In Provident Tradesmens Bank &c. Co. v. Patterson, 390 U. S. 102, 119 (88 SC 733, 19 LE2d 936) (1968), the Supreme Court of the United States, referring to revised Rule 19, said: "To say that a court 'must' dismiss in the absence of an indispensable party and that it 'cannot proceed' without him puts the matter the wrong way around: a court does not know whether a particular person is 'indispensable' until it has examined the situation to determine whether it can proceed without him."

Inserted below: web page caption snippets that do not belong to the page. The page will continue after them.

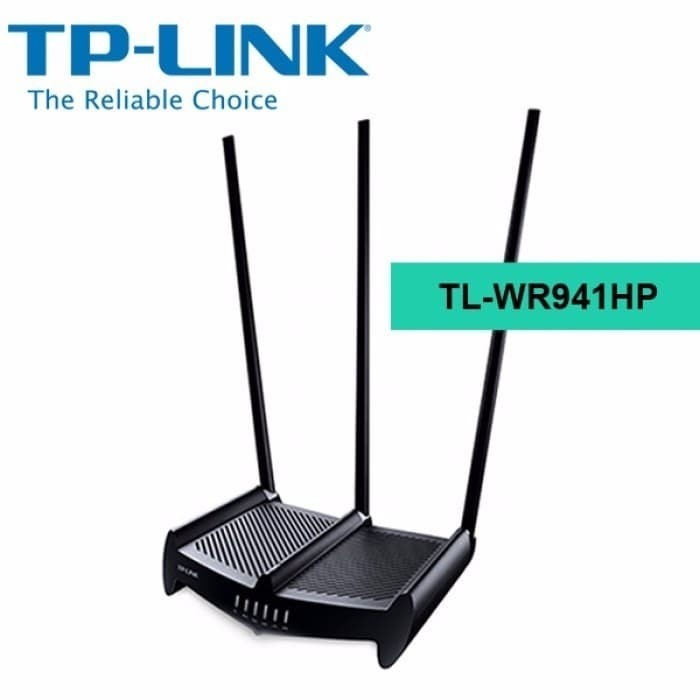 TPLINK TL-MR941HP 450Mbps High Power Wireless N Router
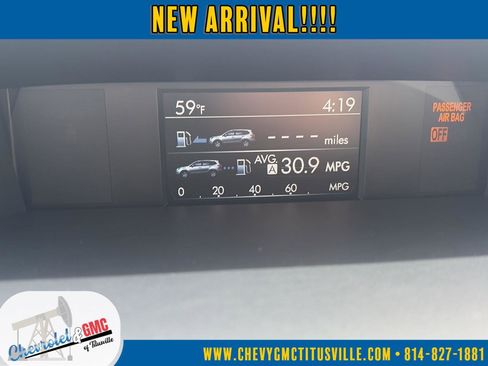 Used 2017 Subaru Forester 2.5i AWD/4WD image 15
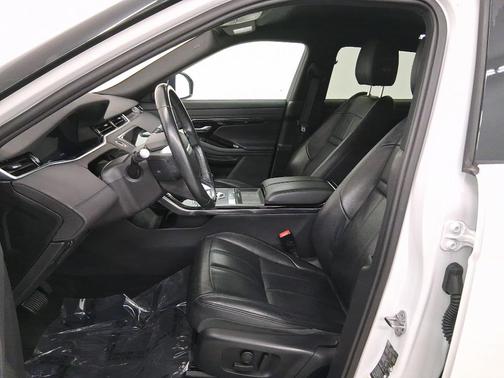2020 Land Rover Range Rover Evoque SE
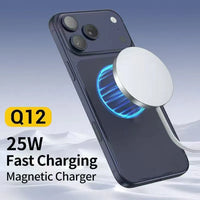 sky Maxguard MD09 25W Qi2.2 Ultra-thin Magnetic Wireless Charger
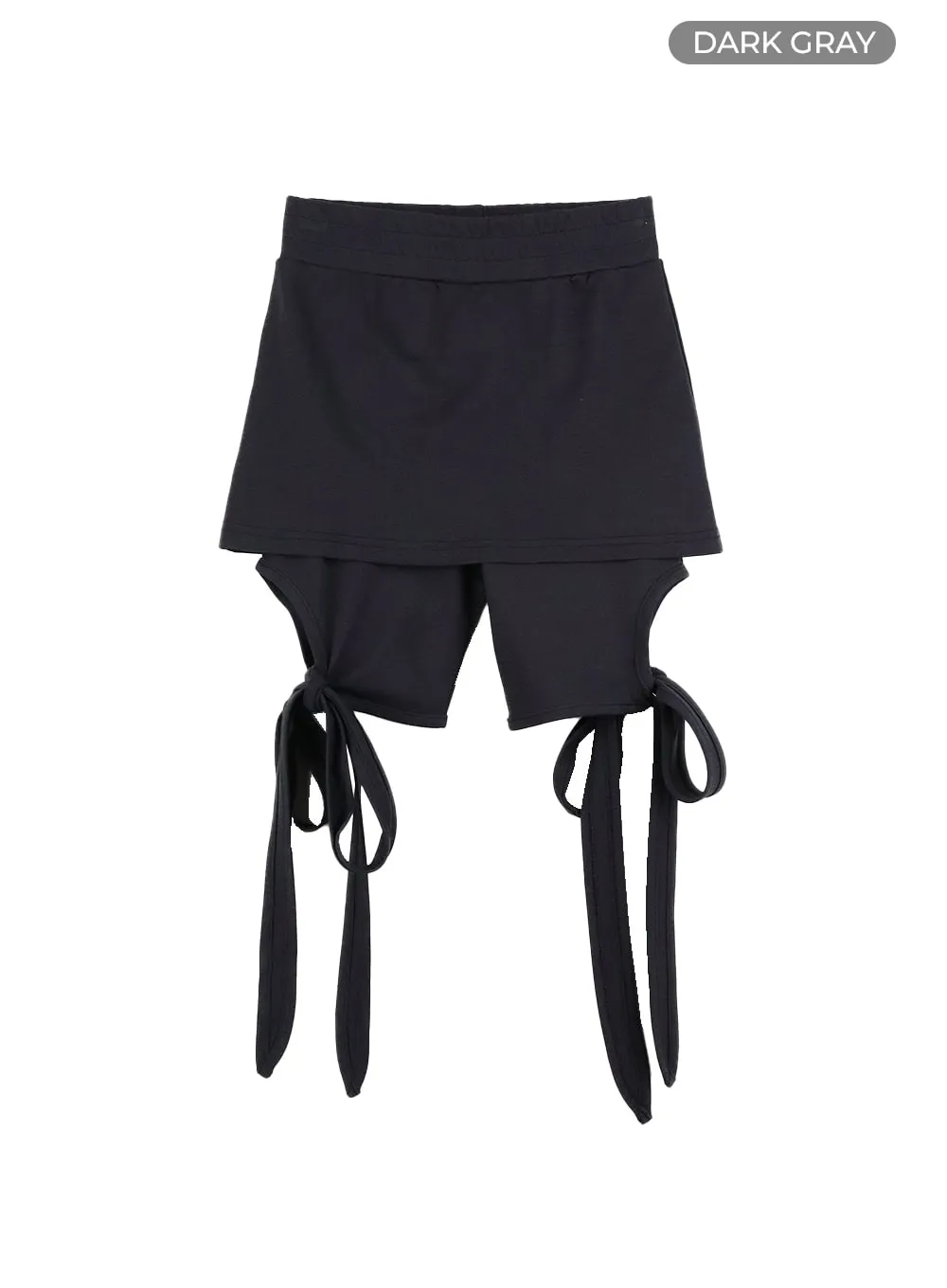 Strap Skort CA409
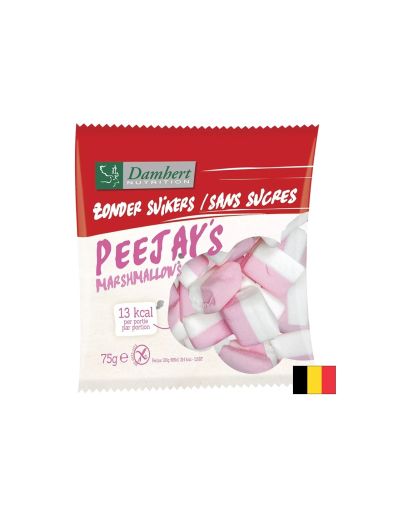 Маршмелоу (без захар), 75 g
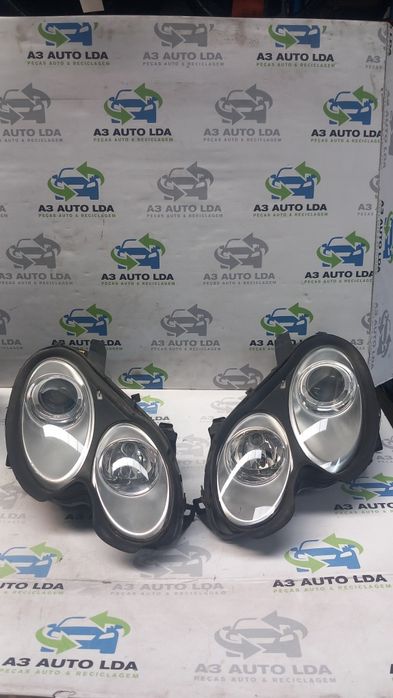 Otica esquerda e direita Smart Forfour 454
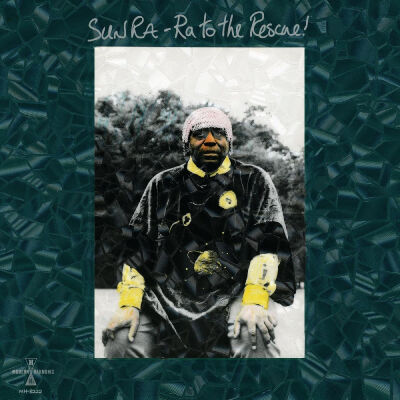 Sun Ra - Ra To The Rescue [vinyl translucent green]
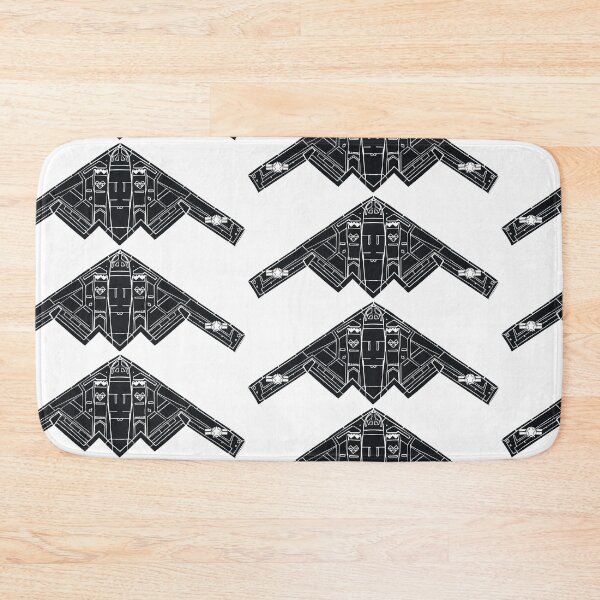 Item preview,  B2 Spirit, Stealth Bomber -  Aeroplane, Aircraft, Illustrated Tribute designed and sold by FoleyPottery.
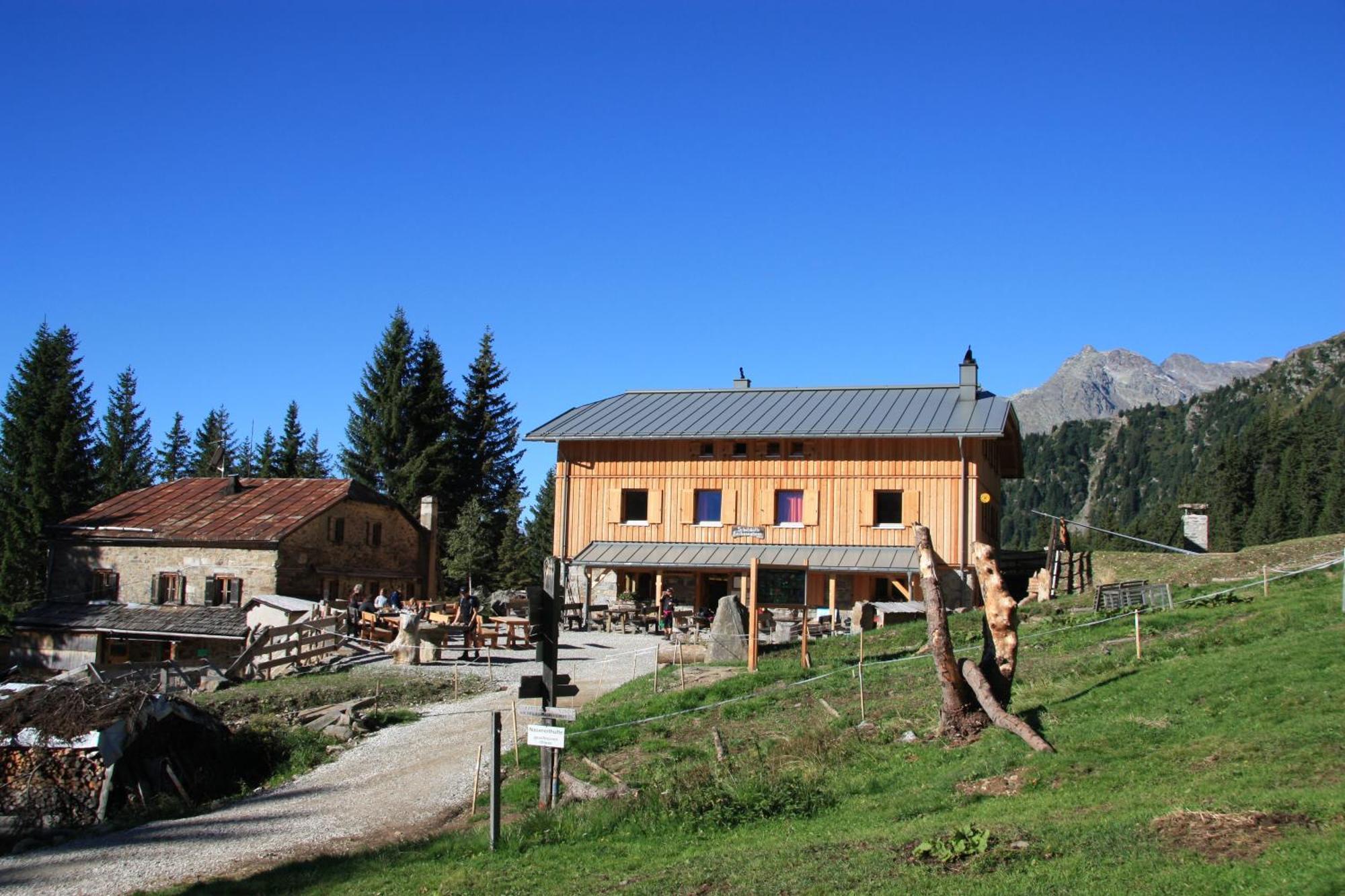 Residence Sonnenburger Parcines Exterior foto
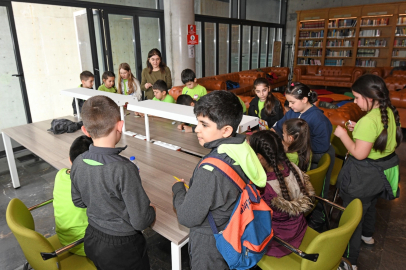 Bursa Osmangazi’de “İyileştiren Kalpler” çocukların yüreğine dokundu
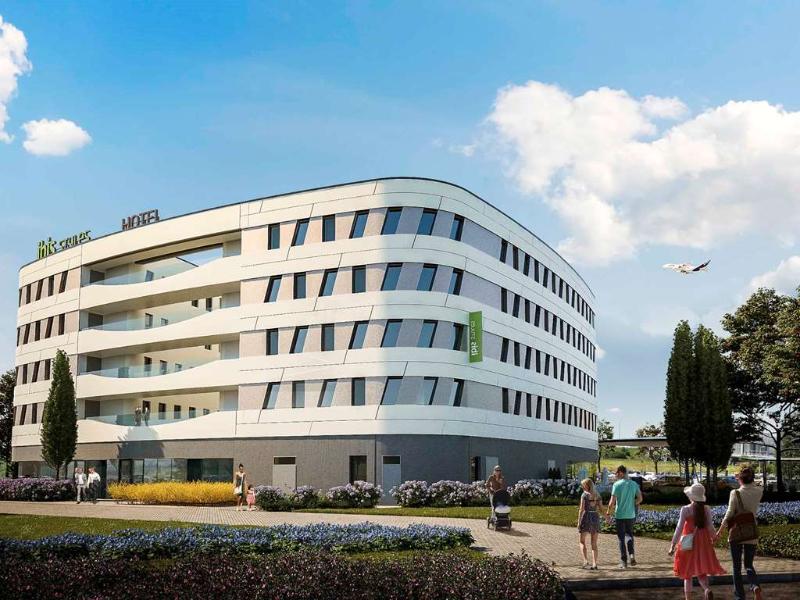 ibis Styles Budapest Airport - Genel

It therefore seems to us that the primary consideration concerning joinder or nonjoinder under the revised rule is whether any judgment that might be rendered will be adequate in the absence of the parties sought to be joined. If there are no "compelling reasons" for joinder of the third parties, then they are not indispensable to the action, and it is not "necessary" under the revised rule to join them as partys defendant for a just adjudication of the merits of the action between the original parties. "The purpose of Rule 19 (a) is not to permit the commencement of a new and unrelated lawsuit against different parties." La Chemise Lacoste v. General Mills, 53 FRD 596, 601 (1971).
It is clear to us that the action between Carolina Bank and the Peoples Bank can be concluded and a judgment rendered therein without affecting the substantive rights of the third parties. To paraphrase the revised rule itself: Complete relief can be afforded between the two original parties to the action in the absence of the third parties.
The judgment of the Court of Appeals in this case was correct.
Trotter & Duncan, Thurman Duncan, for appellee.